Recording your ETF transactions allows you to keep an historic log of your investment history and visualize the performance of your whole portfolio.

Portfolio Performance is the free (and open-source) tool I use to track my investments.

There are many (free and paid) alternatives to Portfolio Performance. I chose Portfolio Performance for the following reasons:

  • It has the ability to automatically fetch prices from European ETFs. Many investment portfolio tools only have support for US domiciled ETFs.
  • It has support for assigning investment transactions to different brokers.
  • It allows recording fees and taxes paid on a single transaction.
  • It allows recording transactions with different currencies.
  • It allows recording different types of transactions (e.g. dividends, buying, selling, depositing, withdrawing).
  • It even has support for investment saving plans – ETF Sparplan (useful if you live in Germany/Austria).
  • It tracks different useful metrics about portfolio out-of-the-box (e.g. drawdown, true time weighted return, volatility, internal rate of return, true time-weighted return, capital gains, etc).
  • It also has useful charts that allow visualizing the current status and performance of your portfolio.
  • It supports exporting the information to CSV. This is useful in case you decide to change to a different software or need to run some specific analysis in Excel.

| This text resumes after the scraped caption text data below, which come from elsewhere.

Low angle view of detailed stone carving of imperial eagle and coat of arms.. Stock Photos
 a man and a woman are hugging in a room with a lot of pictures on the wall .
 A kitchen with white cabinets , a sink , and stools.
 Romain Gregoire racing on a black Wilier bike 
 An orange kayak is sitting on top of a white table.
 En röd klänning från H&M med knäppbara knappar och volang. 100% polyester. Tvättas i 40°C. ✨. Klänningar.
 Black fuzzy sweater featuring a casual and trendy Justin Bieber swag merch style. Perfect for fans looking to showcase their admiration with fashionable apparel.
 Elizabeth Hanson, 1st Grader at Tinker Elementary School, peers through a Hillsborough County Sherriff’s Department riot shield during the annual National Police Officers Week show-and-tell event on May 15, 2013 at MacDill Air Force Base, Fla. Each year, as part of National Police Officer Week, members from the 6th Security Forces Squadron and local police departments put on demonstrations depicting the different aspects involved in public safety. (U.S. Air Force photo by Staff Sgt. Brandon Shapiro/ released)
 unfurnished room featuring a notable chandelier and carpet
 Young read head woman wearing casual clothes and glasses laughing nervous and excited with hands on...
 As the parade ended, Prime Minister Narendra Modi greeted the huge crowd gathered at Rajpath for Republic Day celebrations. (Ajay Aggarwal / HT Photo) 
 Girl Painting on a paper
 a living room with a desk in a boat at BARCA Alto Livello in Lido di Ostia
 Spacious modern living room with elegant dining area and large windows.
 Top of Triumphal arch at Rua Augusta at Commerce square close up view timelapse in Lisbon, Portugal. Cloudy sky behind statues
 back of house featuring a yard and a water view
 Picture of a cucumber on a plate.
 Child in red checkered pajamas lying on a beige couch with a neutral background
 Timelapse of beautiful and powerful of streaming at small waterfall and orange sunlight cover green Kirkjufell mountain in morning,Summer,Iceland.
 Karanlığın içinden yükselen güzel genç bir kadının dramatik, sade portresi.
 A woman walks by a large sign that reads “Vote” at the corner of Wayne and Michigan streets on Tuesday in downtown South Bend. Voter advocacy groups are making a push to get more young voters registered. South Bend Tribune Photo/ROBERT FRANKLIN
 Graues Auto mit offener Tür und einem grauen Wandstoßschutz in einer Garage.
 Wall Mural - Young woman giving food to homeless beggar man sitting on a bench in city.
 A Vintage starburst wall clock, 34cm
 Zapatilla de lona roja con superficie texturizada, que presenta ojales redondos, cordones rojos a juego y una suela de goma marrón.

Installing the application

Portfolio Performance is primarily targeted at a German speaking audience. Therefore, the application’s website is in German. If you aren’t fluent in German, you can use Google translate to understand what is written in the page.

The image below shows where you need to click in order to download the application for your operating system (as of June 2019).

downloading the App

Changing the language

When you install the application its language is configured to “Automatic”. Therefore, the language will be inferred from your operating system. If your operating system’s language is “English” your application will be in “English”.

The application is available in English, German and Spanish.

In case the application is in German you can change the language in the preferences of the application. In Mac OS:

  • go through the menus “Portfolio Performance > Einstellungen > Sprache ”.
  • select “English” in the “Sprache” dropdown
  • click “Anwenden und Schließen”
  • Restart the application
Changing the language to English

Landing page

The application works by storing all your portfolio information in a XML file stored on your computer. From the landing page you can create a new file or open an existing one.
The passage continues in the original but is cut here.